S&P cuts Philippines outlook to ‘stable’ amid rising risks from Middle East conflict
By Katherine K. Chan, Reporter
S&P Global Ratings cut its outlook on the Philippines to “stable” from “positive,” citing the impact of the energy crisis on the country’s external and fiscal positions.
Still, the debt watcher affirmed the country’s “BBB+” long-term investment grade rating, which is a notch below National Government’s target “A” level grade.

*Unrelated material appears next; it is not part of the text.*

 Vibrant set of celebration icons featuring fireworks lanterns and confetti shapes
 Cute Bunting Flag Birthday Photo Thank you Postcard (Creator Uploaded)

It likewise kept its “A-2” short-term rating for the country.
“We revised the rating outlook on the Philippines to stable from positive because the war in the Middle East has increased risks for the trajectory of the country’s external and fiscal metrics,” it said in a statement released Thursday.
A stable outlook means the Philippines’ credit rating will likely be maintained over the next two years, reflecting expectations that the country will “maintain healthy economic growth rates that will allow fiscal performance to improve gradually while external metrics deteriorate slightly.”
S&P noted that the Middle East war will likely continue to disrupt economies in the coming months even as they expect the conflicts to peak and the Strait of Hormuz’s closure to ease this April.
“However, uncertainty over how the situation will unfold is high,” it added. “We believe it is unlikely that external and fiscal support will improve sufficiently over the next two to three years to meaningfully augment support for the sovereign ratings.”